:: Input data ::
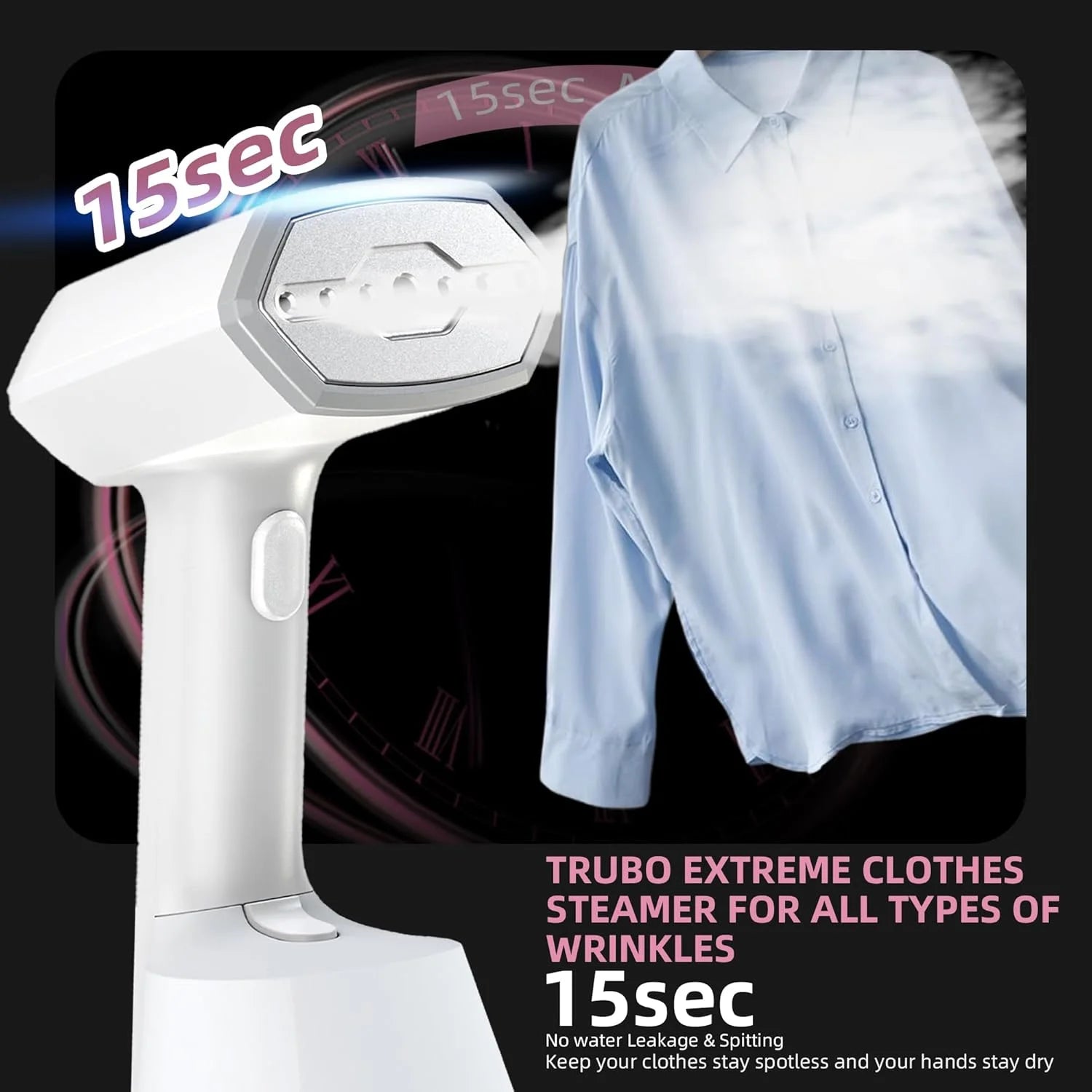 ELORTI Vaporizador portátil turbo de mano para ropa, 1500 W, para el hogar y la oficina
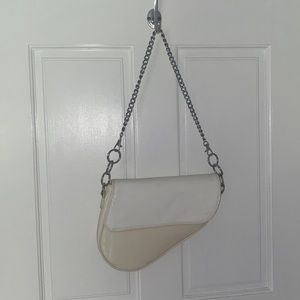 Y2K White and Off-White Saddle Bag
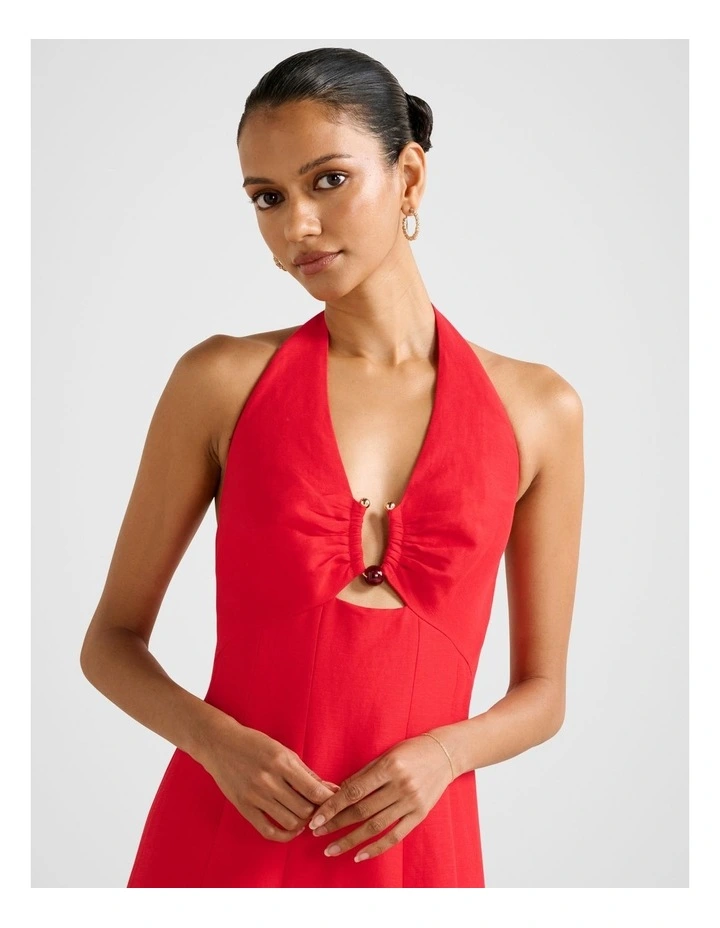Angie Hardware Linen Midi Dress in Red image 4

:: Requirement ::
Word for word and without pictures, restate only the lines running from the one that contains "Y2K White and Off-White Saddle Bag" through the last line of the listing above.

:: Output ::
 Y2K White and Off-White Saddle Bag
Angie Hardware Linen Midi Dress in Red image 4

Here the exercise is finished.